Jeremias, esse individuo aí foi um fiasco. Eu fiquei chateado porque eu sempre quis conhecer esse tal de indivíduo, sempre achei que ele era um cara top pra ser defendido, mas o maluco é um tédio.
Mas também, como é que eu me meti a confiar num cidadão enviado por uma concubina russa?
De qualquer maneira, não tem problema, porque nós temos aquele anúncio chocante pra dar.
Atenção a todos em casa. Pode parecer que o nosso programa falhou em encontrar a essência das minorias, mas os nossos embaixadores não desistiram de defender a menor das minorias e após pesquisas, estudos e a leitura de livros com muitas folhas, hoje, nós apresentaremos a refutação cabal ao individualismo, pois a nossa academia descobriu a existência de uma minoria menor do que o indivíduo.

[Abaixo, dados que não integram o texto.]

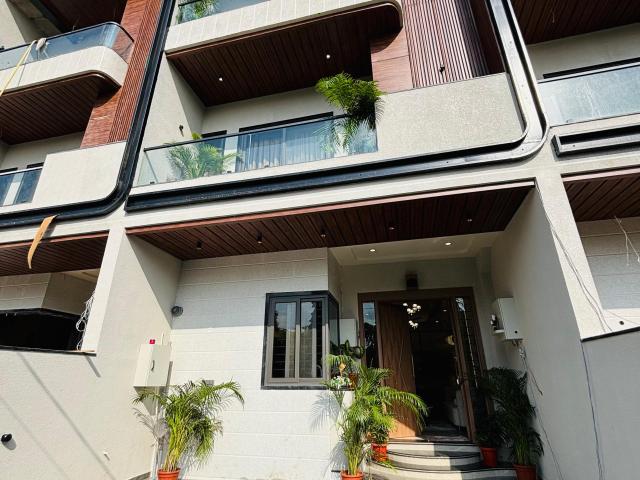 Resale | 4 BHK + Pooja Room 2500 Sq.Ft. Villa in Jagatpura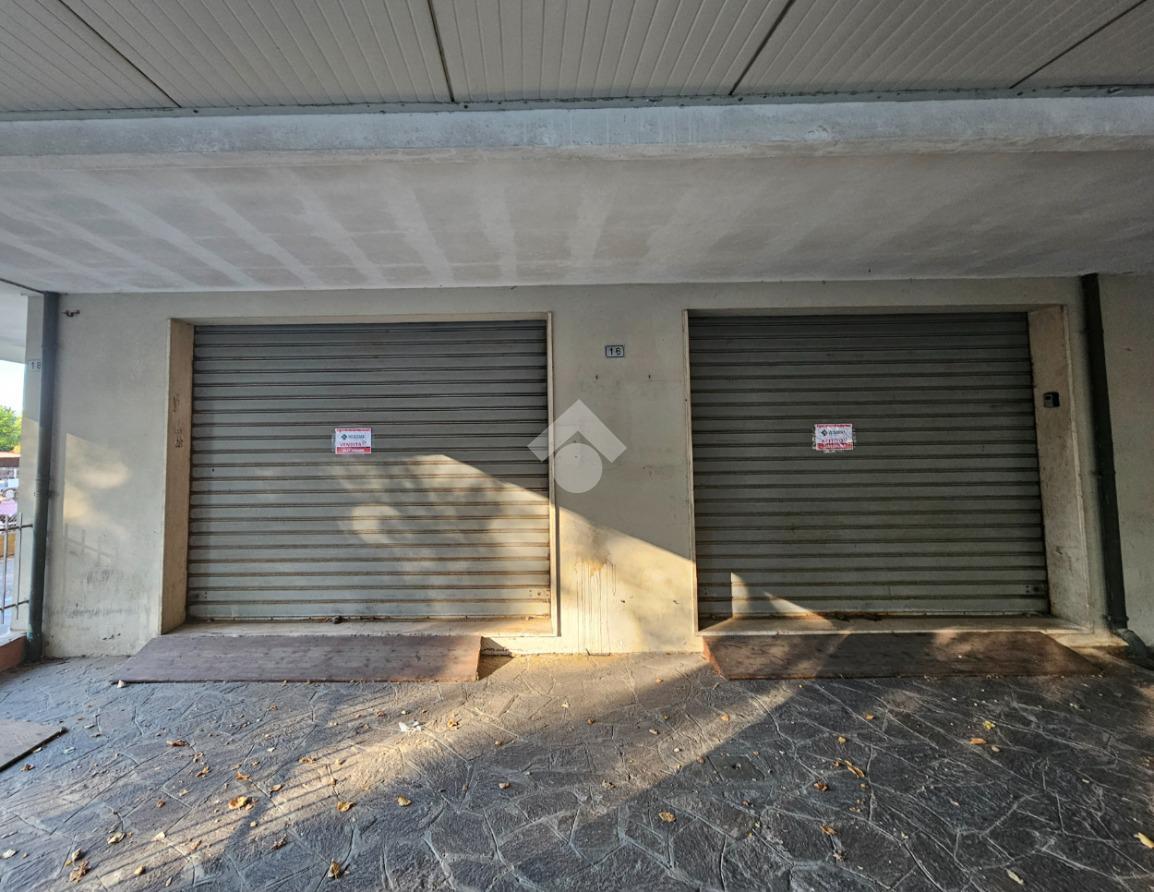 Negozio in Via della Libertà 16, San Mauro Pascoli, {3} - Foto 1
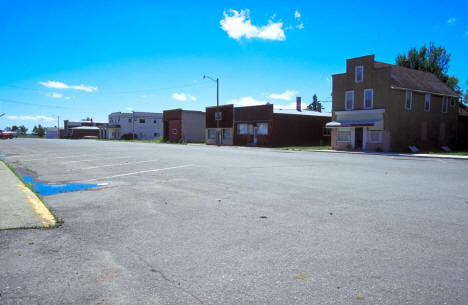 Street scene, Winger Minnesota, 2001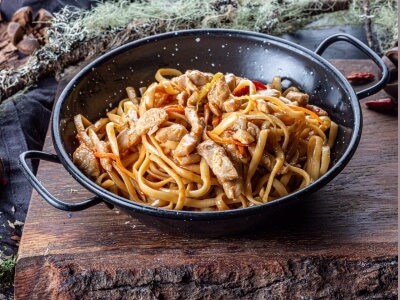 Teriyaki kanapasta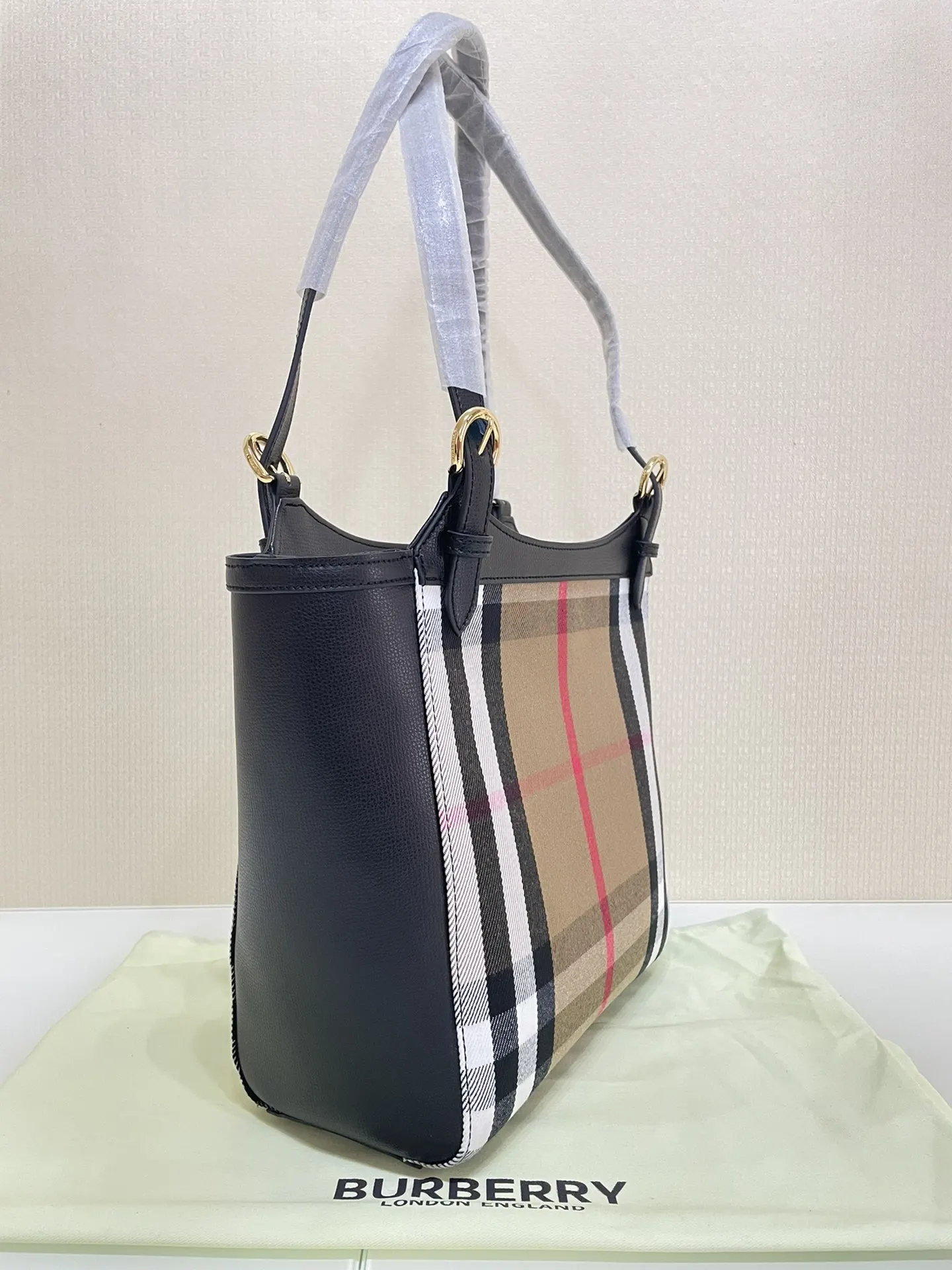 Burberry 皮革 巴宝莉精致的粒面皮革托特包 搭 House 大容量托特款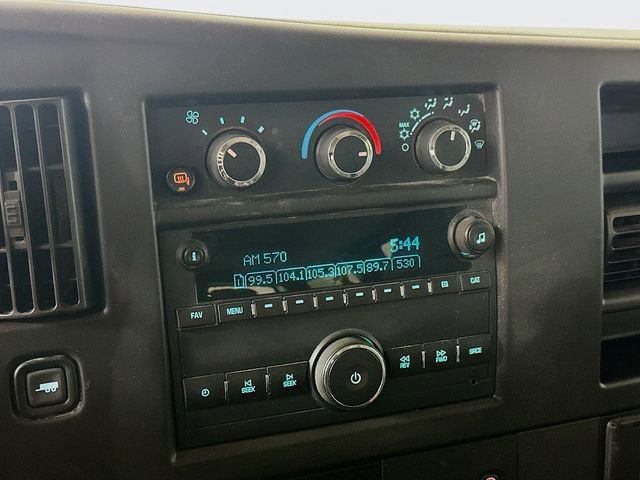 2022 Chevrolet Express Passenger 3500 1LS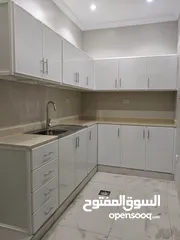  1 aluminium kitchen cabinet for sale and make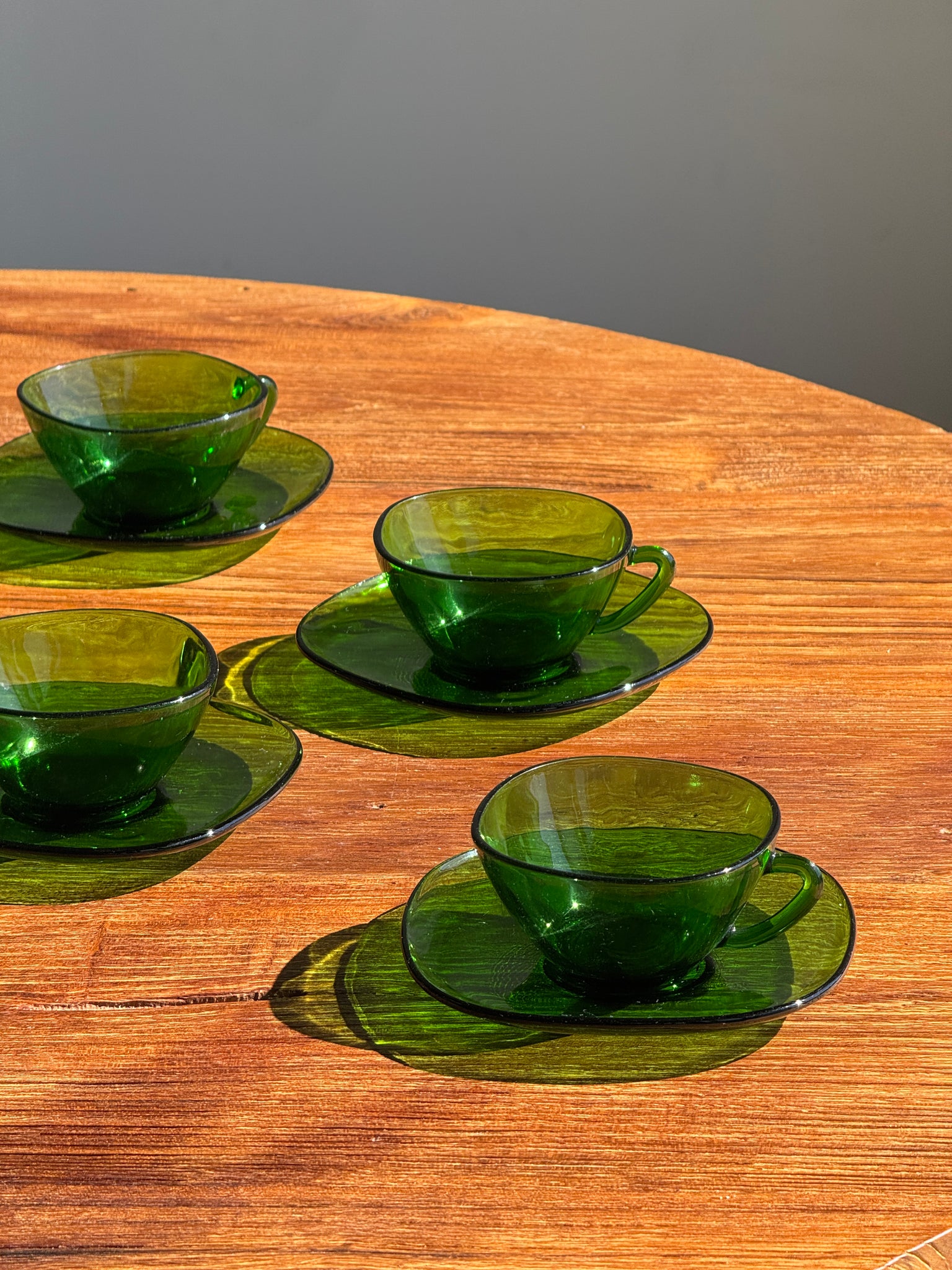 Lot de 6 tasses en verre vert Vereco France avec leurs coupelles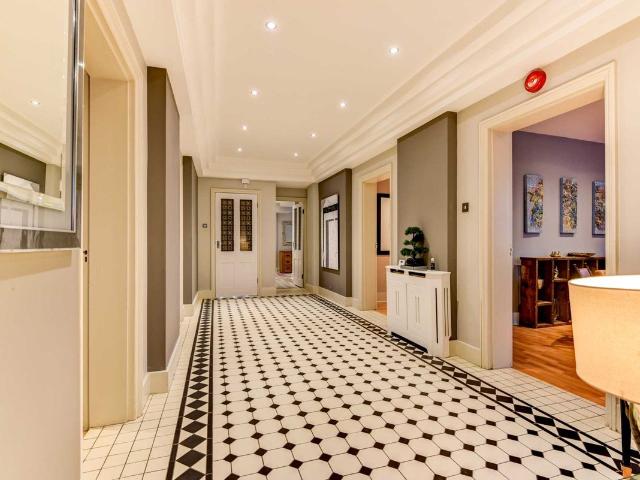 Apartment for rent in Aldrington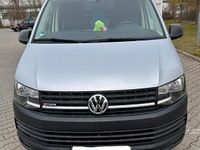 Gebraucht VW Transporter 150 PS (110 kW) 2016 Silber Van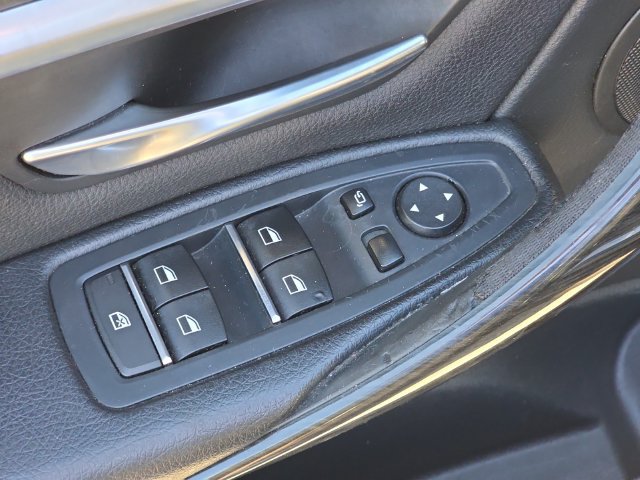 Used 2018 BMW 330i xDrive Sedan AWD/4WD image 17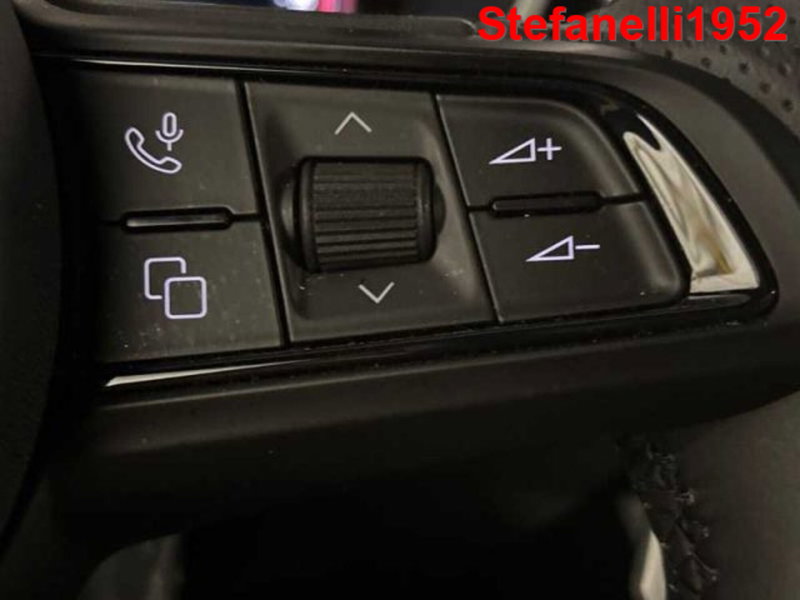 Alfa Romeo Stelvio usata a Bologna (19)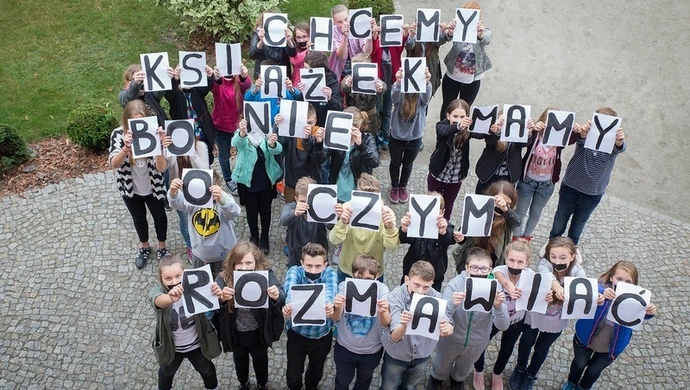 Gratulacje od Ministra Edukacji Narodowej dla uczniów z Zana i Gimnazjum Językowego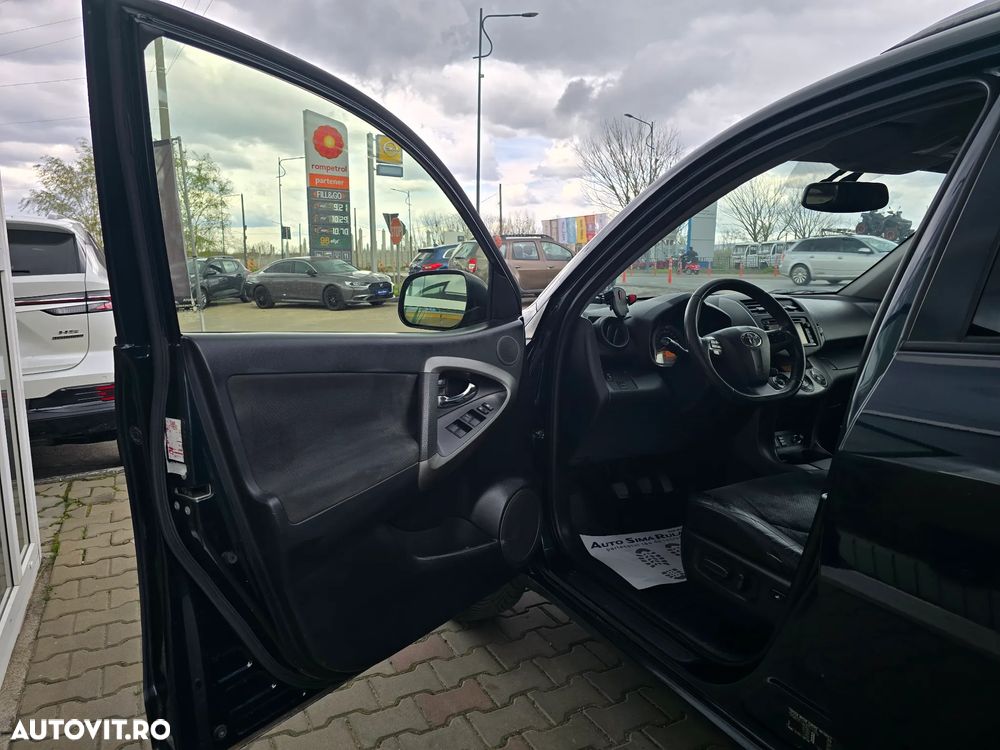 Toyota RAV4 - 16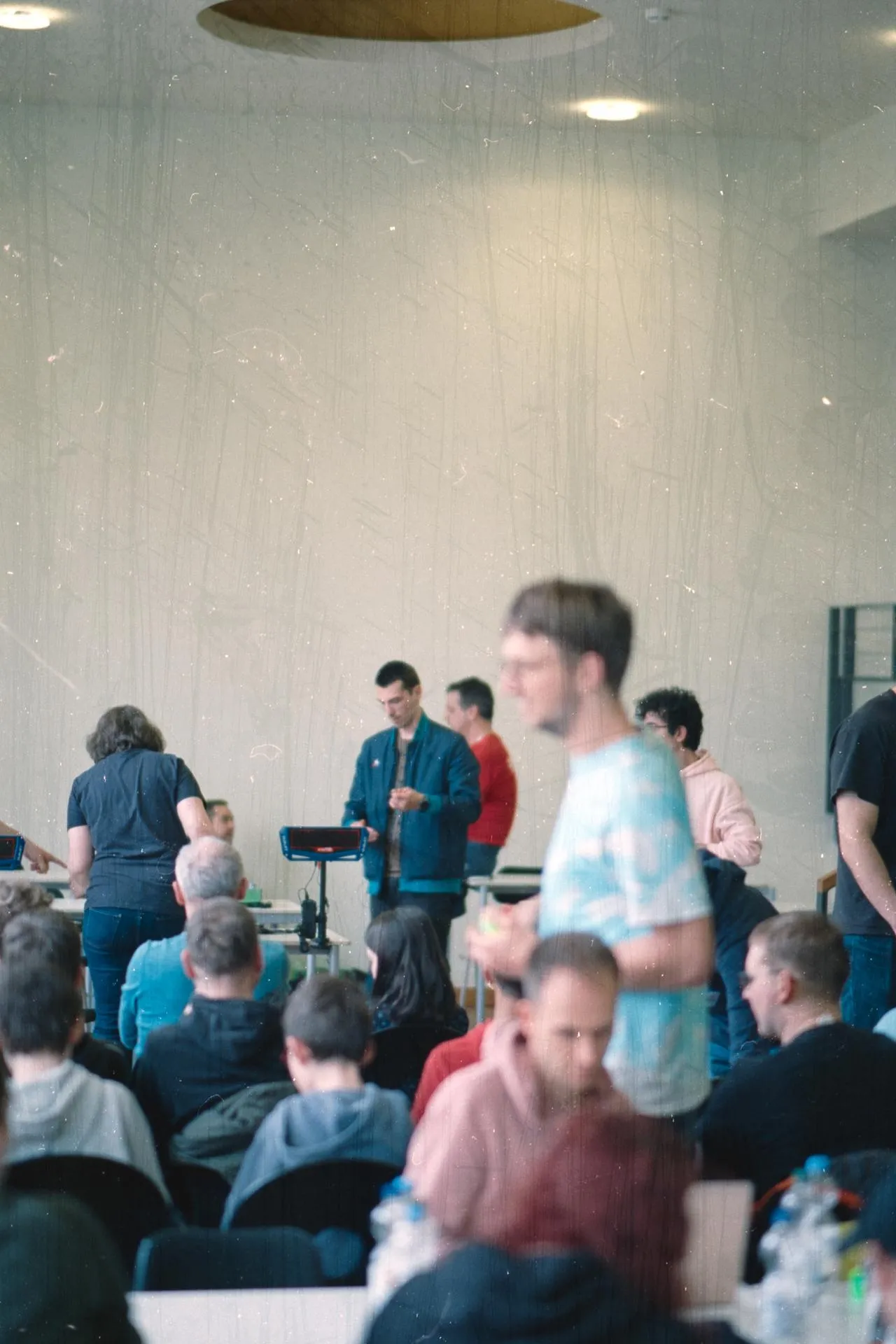 fullscreen image
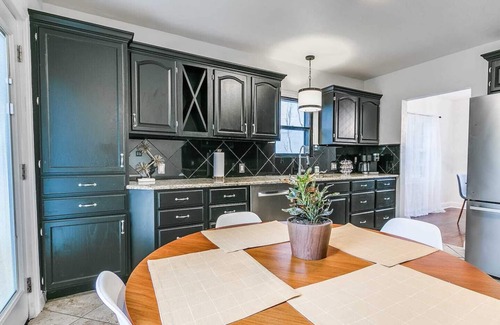Miller House | Myrtle Place-Urban Core/5 Beds/Fiber/EV Charging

Senhoras e senhores, o Rasta News orgulhosamente apresenta em vídeo a nossa grande descoberta, uma minoria menor que qualquer minoria, o átomo minoritário da sociedade, com vocês, o Botafoguense.
[Vemos um botafoguense triste chorando]
Caramba, Jeremias, eu fiquei arrepiado. Eu mal posso esperar para ver as consequências desta revolução que o botafoguismo metodológico nos estudos da história, das ciências sociais, da economia e da sociologia.
Imagina, a praxeologia dos austríacos se tornando a lagrimaxeologia. Então, ficamos assim: amanhã às 9 na praia e uma melancia de meia e meia hora se não chover!